Human rights activists in Morocco and the Western Sahara region are the targets of a new threat actor using phishing attacks to trick victims into installing fake Android apps and providing credential harvesting pages for Windows users.
Cisco Talos is monitoring the business cluster under the name Starry Addaxdescribing it primarily as a choice of activists associated with the Sahrawi Arab Democratic Republic (SADR).
The infrastructure of Starry Addax – ondroid[.]site and ondroid[.]store – is designed to target both Android and Windows users, with the latter involving fake websites masquerading as login pages for popular social media websites.
The adversary, believed to be active since January 2024, is known to send spear phishing emails to targets, urging recipients to install the Sahara Press Service mobile app or relevant lure related to the region.
Depending on which operating system the request comes from, the target is served a malicious APK impersonating Sahara Press Service or redirected to a social media login page to harvest their credentials.
The new Android malware, called FlexStarling, is versatile and equipped to deliver additional malware components and steal sensitive information from infected devices.

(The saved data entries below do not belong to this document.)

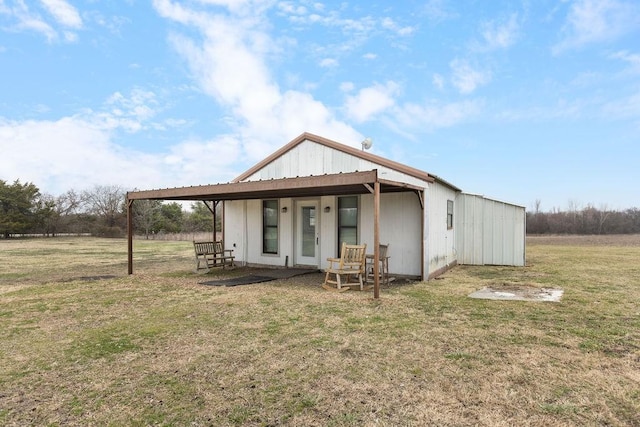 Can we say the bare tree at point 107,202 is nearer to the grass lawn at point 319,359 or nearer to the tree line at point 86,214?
the tree line at point 86,214

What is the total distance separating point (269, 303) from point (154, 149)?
17162mm

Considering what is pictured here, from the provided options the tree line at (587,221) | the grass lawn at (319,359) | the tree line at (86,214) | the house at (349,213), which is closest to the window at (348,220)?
the house at (349,213)

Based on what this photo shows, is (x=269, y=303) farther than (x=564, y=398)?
Yes

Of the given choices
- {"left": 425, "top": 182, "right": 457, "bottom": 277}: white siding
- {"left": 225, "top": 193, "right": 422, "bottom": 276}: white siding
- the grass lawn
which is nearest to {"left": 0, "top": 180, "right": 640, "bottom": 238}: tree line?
{"left": 225, "top": 193, "right": 422, "bottom": 276}: white siding

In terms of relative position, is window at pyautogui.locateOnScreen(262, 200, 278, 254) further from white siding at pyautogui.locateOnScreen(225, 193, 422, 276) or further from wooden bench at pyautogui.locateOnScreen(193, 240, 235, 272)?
wooden bench at pyautogui.locateOnScreen(193, 240, 235, 272)

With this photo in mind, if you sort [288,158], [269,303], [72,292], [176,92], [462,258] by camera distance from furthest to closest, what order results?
1. [176,92]
2. [462,258]
3. [288,158]
4. [72,292]
5. [269,303]

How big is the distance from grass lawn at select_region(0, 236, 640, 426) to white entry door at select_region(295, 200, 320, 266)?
9.75 feet

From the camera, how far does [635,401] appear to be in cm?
258

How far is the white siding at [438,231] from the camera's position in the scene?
8230 mm

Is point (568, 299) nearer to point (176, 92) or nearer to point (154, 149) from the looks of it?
point (176, 92)

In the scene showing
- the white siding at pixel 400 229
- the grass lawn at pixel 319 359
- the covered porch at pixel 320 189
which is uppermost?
the covered porch at pixel 320 189

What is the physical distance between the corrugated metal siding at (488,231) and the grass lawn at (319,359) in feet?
14.8

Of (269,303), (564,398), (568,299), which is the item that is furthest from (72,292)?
(568,299)

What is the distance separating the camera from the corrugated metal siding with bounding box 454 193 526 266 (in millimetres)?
11023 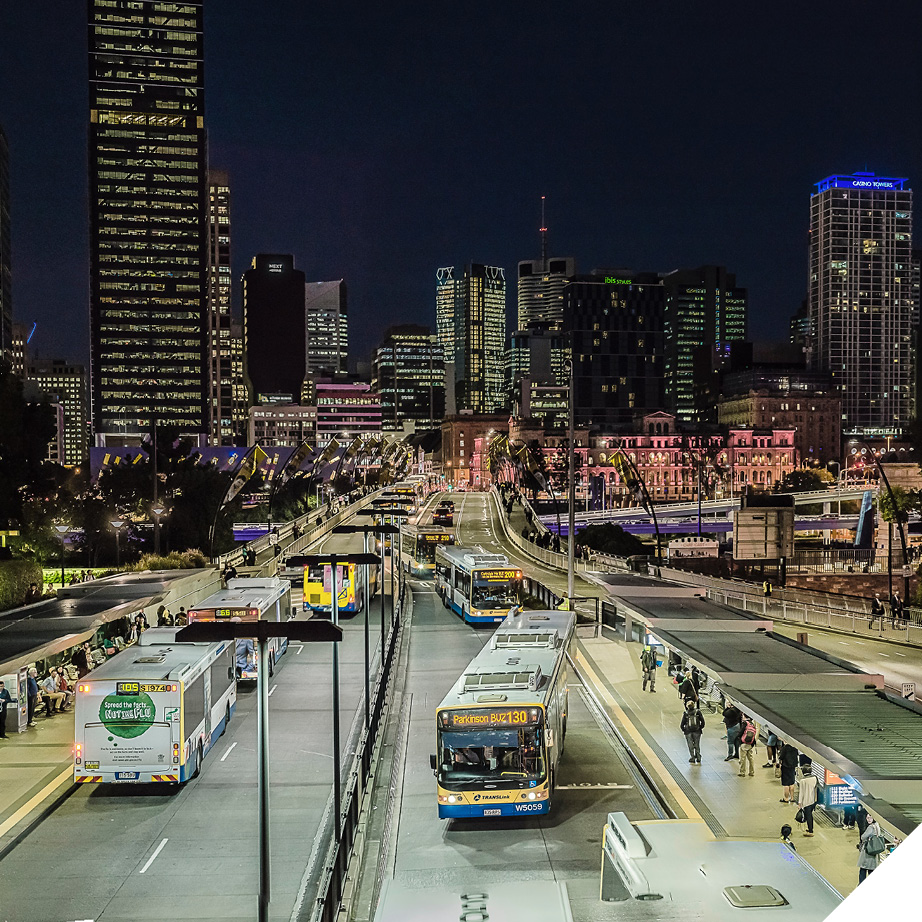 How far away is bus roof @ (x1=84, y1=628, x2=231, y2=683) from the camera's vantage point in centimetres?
1966

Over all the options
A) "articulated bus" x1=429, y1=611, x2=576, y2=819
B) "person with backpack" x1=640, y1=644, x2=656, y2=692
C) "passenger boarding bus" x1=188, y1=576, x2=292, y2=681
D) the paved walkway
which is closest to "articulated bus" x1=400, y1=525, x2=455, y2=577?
"passenger boarding bus" x1=188, y1=576, x2=292, y2=681

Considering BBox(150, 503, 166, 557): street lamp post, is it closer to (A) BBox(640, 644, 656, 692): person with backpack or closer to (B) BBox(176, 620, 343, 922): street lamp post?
(A) BBox(640, 644, 656, 692): person with backpack

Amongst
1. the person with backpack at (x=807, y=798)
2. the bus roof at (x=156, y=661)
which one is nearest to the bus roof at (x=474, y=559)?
the bus roof at (x=156, y=661)

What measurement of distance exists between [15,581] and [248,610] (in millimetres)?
12383

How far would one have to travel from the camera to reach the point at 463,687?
18.8 metres

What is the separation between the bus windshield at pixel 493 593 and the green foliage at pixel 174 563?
15693 mm

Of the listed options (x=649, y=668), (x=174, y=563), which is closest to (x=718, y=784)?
(x=649, y=668)

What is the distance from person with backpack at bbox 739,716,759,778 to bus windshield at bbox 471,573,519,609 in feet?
65.4

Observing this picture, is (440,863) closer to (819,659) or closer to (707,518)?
(819,659)

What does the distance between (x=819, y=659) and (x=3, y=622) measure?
2054cm

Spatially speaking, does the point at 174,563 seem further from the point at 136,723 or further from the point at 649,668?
the point at 136,723

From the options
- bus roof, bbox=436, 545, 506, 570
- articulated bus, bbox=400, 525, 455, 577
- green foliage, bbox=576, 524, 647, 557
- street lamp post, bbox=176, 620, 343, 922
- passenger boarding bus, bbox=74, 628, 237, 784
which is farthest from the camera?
green foliage, bbox=576, 524, 647, 557

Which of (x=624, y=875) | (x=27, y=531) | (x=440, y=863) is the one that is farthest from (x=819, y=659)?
(x=27, y=531)

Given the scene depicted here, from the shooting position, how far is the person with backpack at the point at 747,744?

Once installed, it requires the victim to grant extended permissions that allow the malware to perform nefarious actions, including retrieving commands to execute from a Firebase-based command and control (C2), a sign that the threat actor is trying to do so . flying under the radar.
“Campaigns like this that target high-value individuals usually intend to remain silent on the device for an extended period,” Talos said.
“All components, from malware to operational infrastructure, appear to be tailor-made for this specific campaign, indicating a strong focus on stealth and conducting activities under the radar.”
The development comes in the context of the emergence of a new commercial Android remote access trojan (RAT) known as Oxicorate which is offered for sale with different information gathering capabilities.